Reading 5: sampling and estimation Flashcards
An important difference between two-stage cluster sampling and stratified random sampling is that compared to stratified random sampling, two-stage cluster sampling:
uses all members of each sub-group (strata).
takes random samples all sub-groups (strata).
will not preserve differences in a characteristic across sub-groups.
With cluster sampling, the randomly selected subgroups may have different distributions of the relevant characteristic relative to the entire population. Cluster sampling uses only randomly selected subgroups, whereas stratified random sampling samples all subgroups to match the distribution of characteristics across the entire population. (LOS 5.a)
Sampling error is defined as:
an error that occurs when a sample of less than 30 elements is drawn.
an error that occurs during collection, recording, and tabulation of data.
the difference between the value of a sample statistic and the value of the corresponding population parameter.
An example might be the difference between a particular sample mean and the average value of the overall population. (LOS 5.b)
The mean age of all CFA candidates is 28 years. The mean age of a random sample of 100 candidates is found to be 26.5 years. The difference of 1.5 years is called:
the random error.
the sampling error.
the population error.
The sampling error is the difference between the population parameter and the sample statistic. (LOS 5.b)
A simple random sample is a sample drawn in such a way that each member of the population has:
some chance of being selected in the sample.
an equal chance of being included in the sample.
a 1% chance of being included in the sample.
In a simple random sample, each element of the population has an equal probability of being selected. Choice C allows for an equal chance, but only if there are 100 elements in the population from which the random sample is drawn. (LOS 5.c)
To apply the central limit theorem to the sampling distribution of the sample mean, the sample is usually considered to be large if n is greater than:
20.
25.
30.
Sample sizes of 30 or greater are typically considered large. (LOS 5.d)
If n is large and the population standard deviation is unknown, the standard error of the sampling distribution of the sample mean is equal to:
the sample standard deviation divided by the sample size.
the population standard deviation multiplied by the sample size.
the sample standard deviation divided by the square root of the sample size.
The formula for the standard error when the population standard deviation is unknown is s(subxbar) = s/sqroot(n). (LOS 5.e)
The standard error of the sampling distribution of the sample mean for a sample size of n drawn from a population with a mean of µ and a standard deviation of σ is:
sample standard deviation divided by the sample size.

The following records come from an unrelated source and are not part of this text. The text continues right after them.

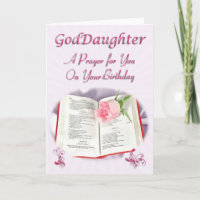 A prayer for a Goddaughter on her Birthday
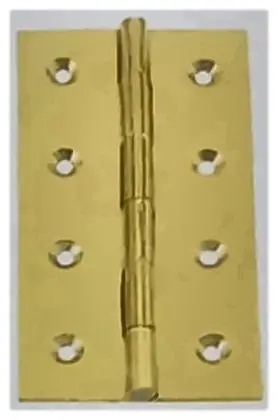 Butt hinge, item SE-15008, brass polished lacquered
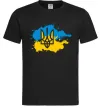 Мужская футболка Герб і Прапор - фарби Черный фото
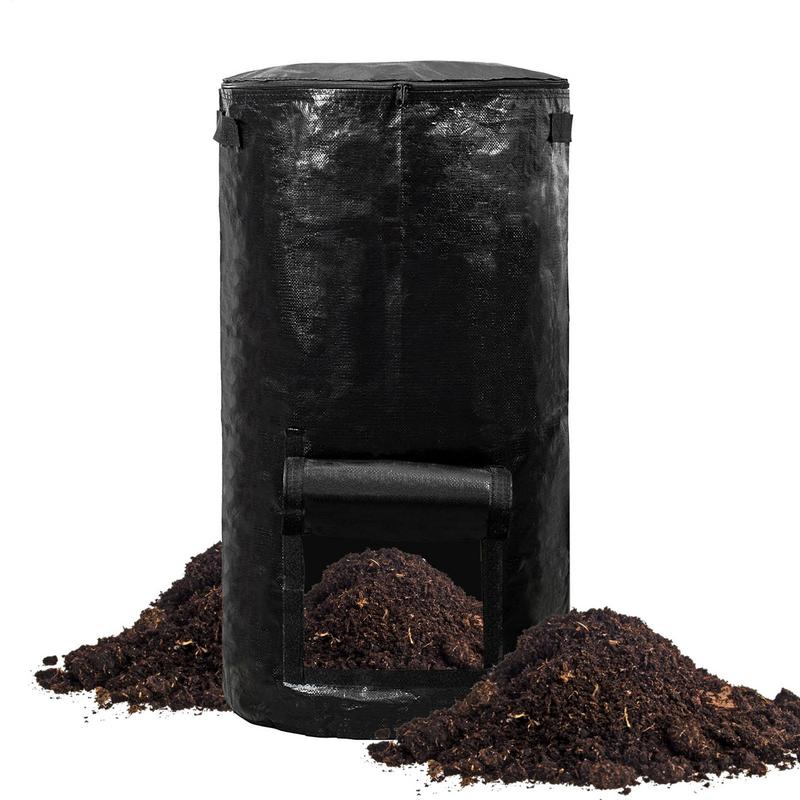 Flodable Garden Yard Compost Bag With Lid Organic Ferment Waste Sacks Composter 34 Gallon Organic Ferment Waste Collector United States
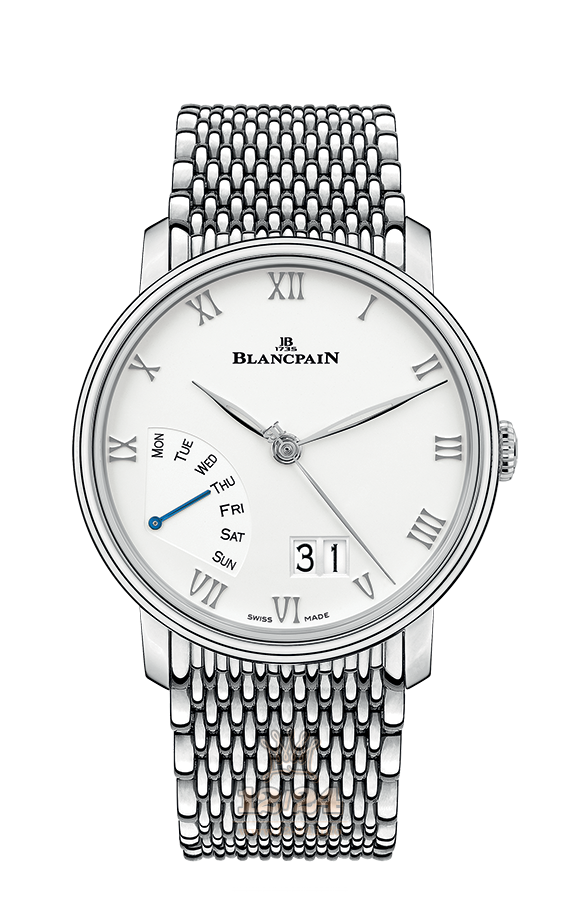 Blancpain Villeret Watch 6668-1127-MMB 40 mm Stainless steel Case White Dial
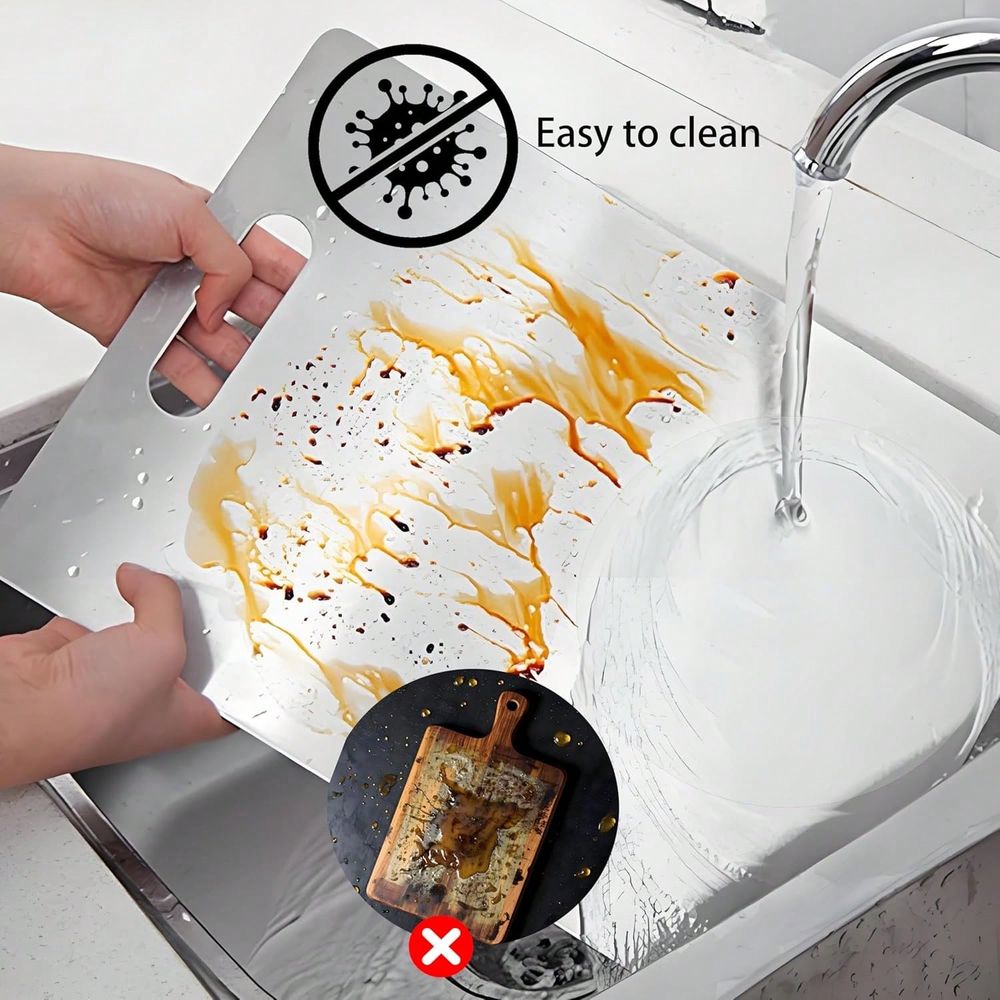 Pcs Stainless Steel Cutting Bo - Camp Cutting Board recension och pris
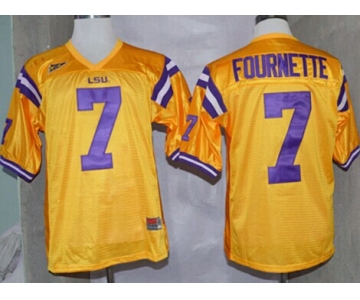 LSU Tigers #7 Leonard Fournette Yellow Jersey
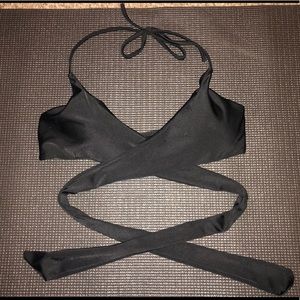 Women’s Black Swim Top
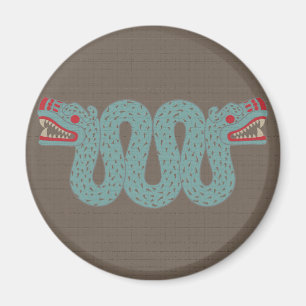 Aztekischer Schlangen-Magnet Magnet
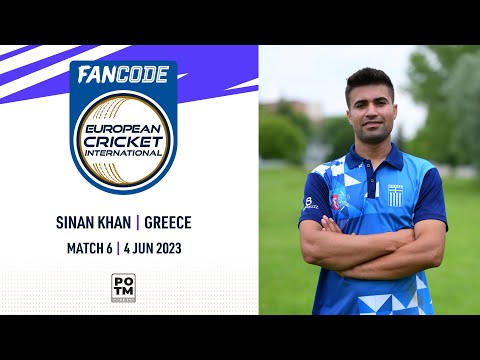 POTM: S.Khan - GRE vs TUR | Highlights | FanCode ECI Bulgaria | 4 June 2023 | ECI23.063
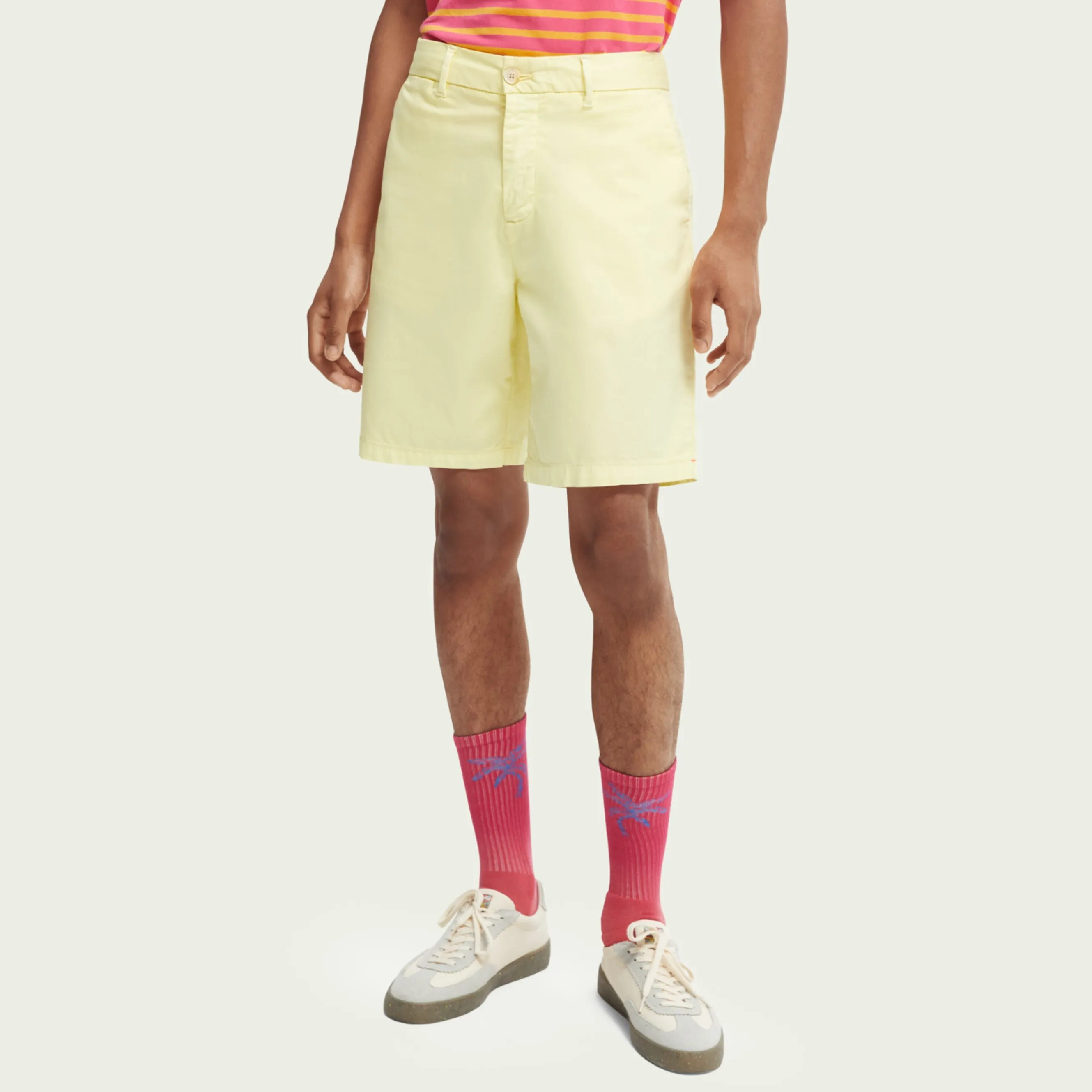 Stuart Garment-Dyed Pima Cotton Short (Lemonade)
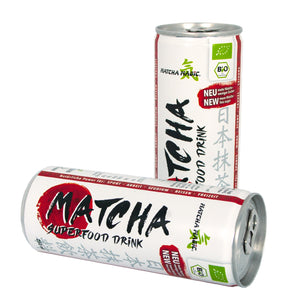 Matcha Superfood Drink 6x250ml mit echtem Japan Matcha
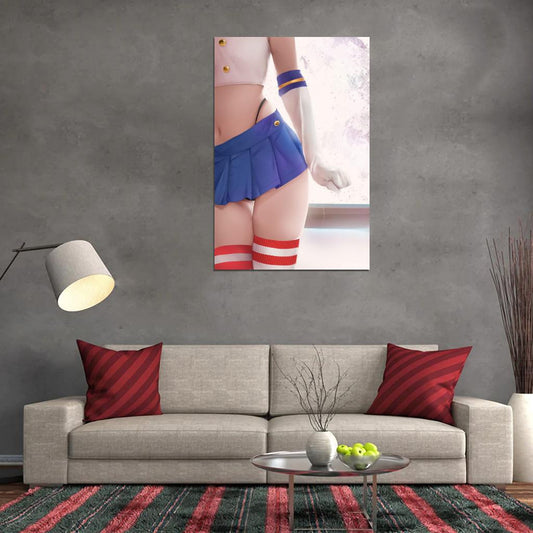 Kantai Collection Kancolle Shimakaze Destroyer Video Game Military Strategy Anime Poster Manga Art - xonomax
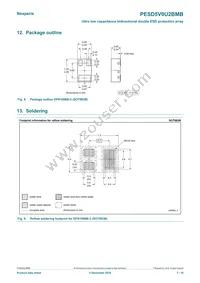 PESD5V0U2BMB Datasheet Page 7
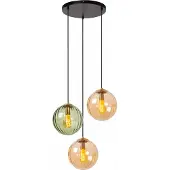 Lucide MONSARAZ - Hanglamp - Ø 35 cm - 3xE27 - Groen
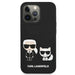Karl Lagerfeld KLHCP13LSSKCK iPhone 13 Pro / 13 6.1’’ hardcase black/black Silicone Karl & Choupette - Cell phone cases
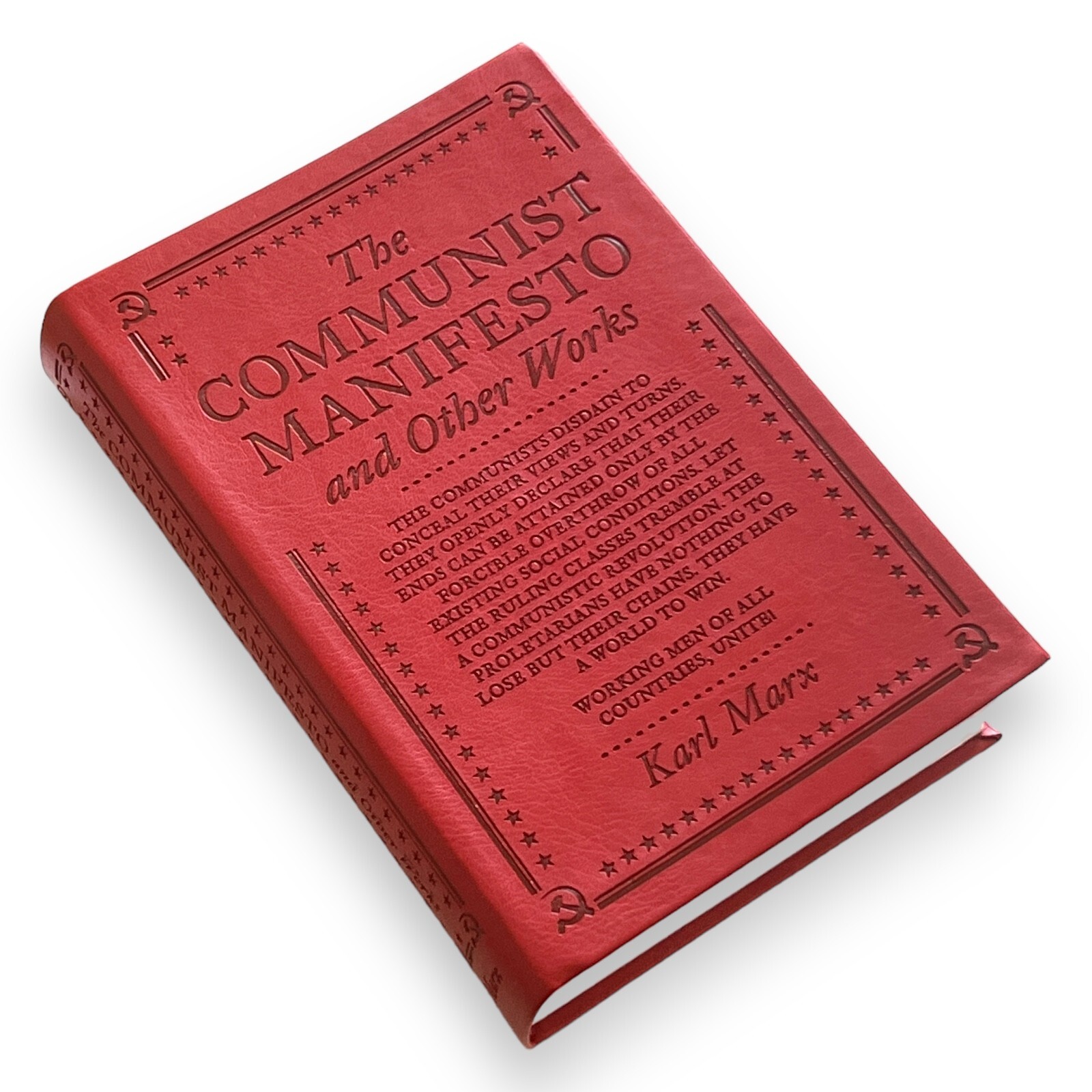 The COMMUNIST MANIFESTO & Other Works by Karl Marx Faux LEATHER Flexi Bound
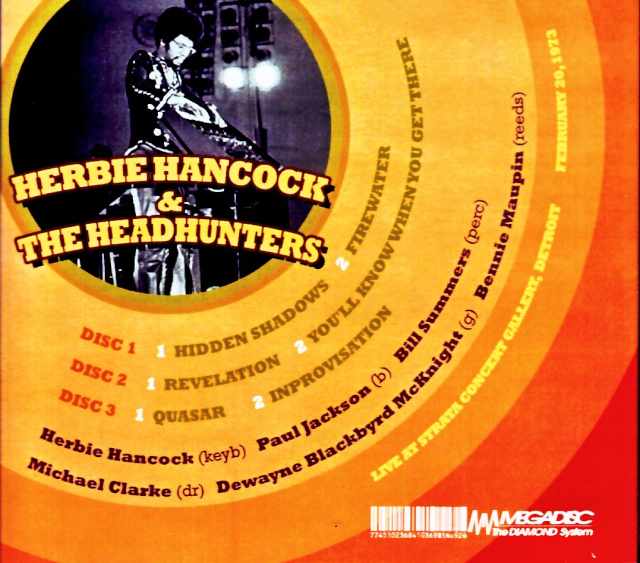 Herbie Hancock Headhunters / MI, USA 02.20.1973 Soundboard Edition - Image 2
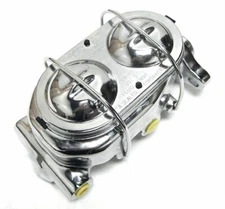 1-1/8" Bore Aluminum Chrome Master Cylinder GM Street Rod Universal Disc Disc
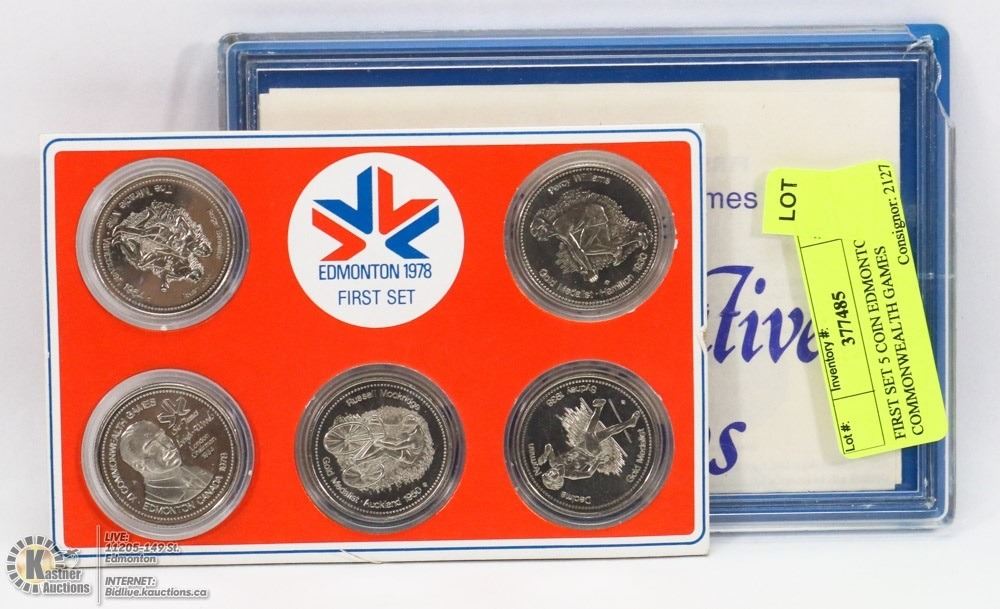 FIRST SET 5 COIN EDMONTON COMMONWEALTH GAMES
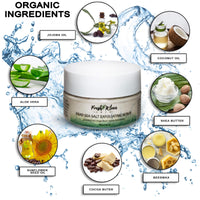 Fresh Klean Skin Dead Sea Salt Exfoliating Scrub 8oz ,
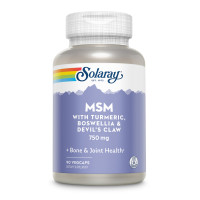 MSM 750 mg mit Curcuma+Weihrauch+Teufelskralle, 90 st, Supplementa GmbH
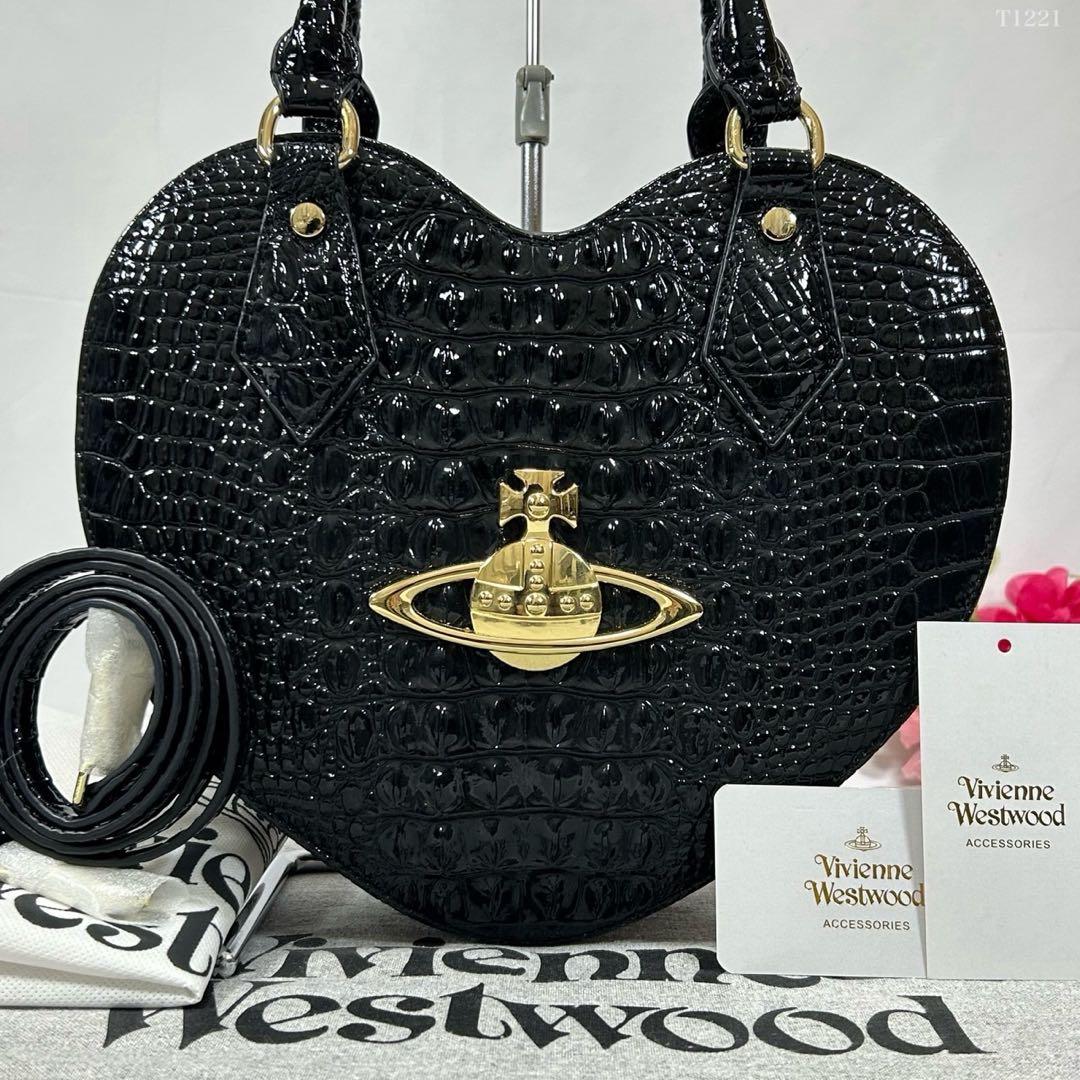 【極美品/付属品完備】ヴィヴィアンウエストウッド ハート型 2way バッグ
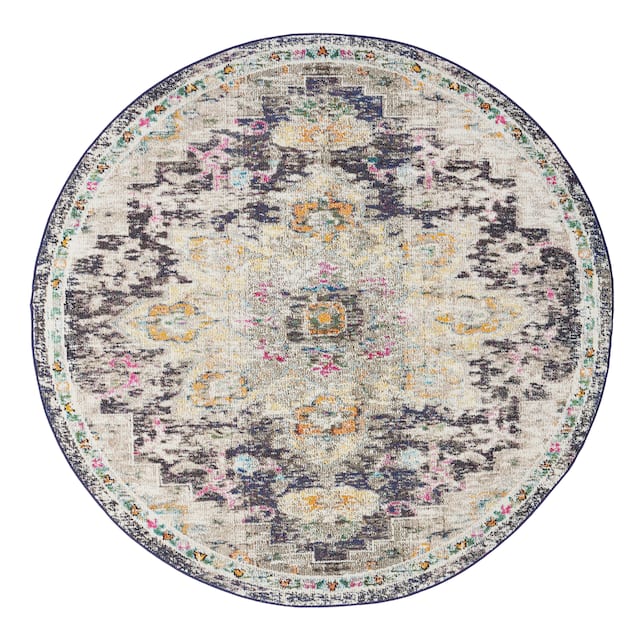 SAFAVIEH Madison Diederike Boho Medallion Distressed Rug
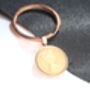 1976 50th Birthday Decimal One Penny Coin Keyring, thumbnail 4 of 5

sample standard deviation divided by the square root of the sample size.
population standard deviation divided by the square root of the sample size.
The formula for the standard error when the population standard deviation is known is theta(subxbar) = theta/sqroot(n). (LOS 5.e)
Assume that a population has a mean of 14 with a standard deviation of 2. If a random sample of 49 observations is drawn from this population, the standard error of the sample mean is closest to:
0.04.
0.29.
2.00.
s(subxbar) = s/sqroot(n)
given s=2 sx=2/sq49= 2/7
The population’s mean is 30 and the mean of a sample of size 100 is 28.5. The variance of the sample is 25. The standard error of the sample mean is closest to:
0.05.
0.25.
0.50.
theta(subxbar) = theta/sqroot(n)
given theta^2=25, thetasubx=5/sq100 =5/10
Which of the following is least likely a desirable property of an estimator?
Reliability.
Efficiency.
Consistency.
Efficiency, consistency, and unbiasedness are desirable properties of an estimator. (LOS 5.f)
A random sample of 100 computer store customers spent an average of $75 at the store. Assuming the distribution is normal and the population standard deviation is $20, the 95% confidence interval for the population mean is closest to:
$71.08 to $78.92.
$73.89 to $80.11.
$74.56 to $79.44.
Since the population variance is known and n ≥ 30, the confidence interval is determined as
So, the confidence interval is 75 ± 1.96(20/10) = 75 ± 3.92 = 71.08 to 78.92. (LOS 5.h)
Best Computers, Inc., sells computers and computer parts by mail. A sample of 25 recent orders showed the mean time taken to ship these orders was 70 hours with a sample standard deviation of 14 hours. Assuming the population is normally distributed, the 99% confidence interval for the population mean is:
70 ± 2.80 hours.
70 ± 6.98 hours.
70 ± 7.83 hours.
Since the population variance is unknown and n < 30, the confidence interval is determined as
df = n – 1 to get critical t-value. t0.01/2 and df = 24 is 2.797. So, the confidence interval is 70 ± 2.797(14 / 5) = 70 ± 7.83. (LOS 5.h)
What is the most appropriate test statistic for constructing confidence intervals for the population mean when the population is normally distributed, but the variance is unknown?
The z-statistic at α with n degrees of freedom.
The t-statistic at α/2 with n degrees of freedom.
The t-statistic at α/2 with n – 1 degrees of freedom.
Use the t-statistic at α/2 and n – 1 degrees of freedom when the population variance is unknown. While the z-statistic is acceptable when the sample size is large, sample size is not given here, and the t-statistic is always appropriate under these conditions. (LOS 5.h)
When constructing a confidence interval for the population mean of a nonnormal distribution when the population variance is unknown and the sample size is large (n > 30), an analyst may acceptably use:
either a z-statistic or a t-statistic.
only a z-statistic at α with n degrees of freedom.
only a t-statistic at α/2 with n degrees of freedom.
When the sample size is large, and the central limit theorem can be relied on to assure a sampling distribution that is normal, either the t-statistic or the z-statistic is acceptable for constructing confidence intervals for the population mean. The t-statistic, however, will provide a more conservative range (wider) at a given level of significance. (LOS 5.h)
Jenny Fox evaluates managers who have a cross-sectional population standard deviation of returns of 8%. If returns are independent across managers, how large of a sample does Fox need so the standard error of sample means is 1.265%?
7.
30.
40.
1.265=8/sqroot(n) , n = (8/1.265)^2 = 40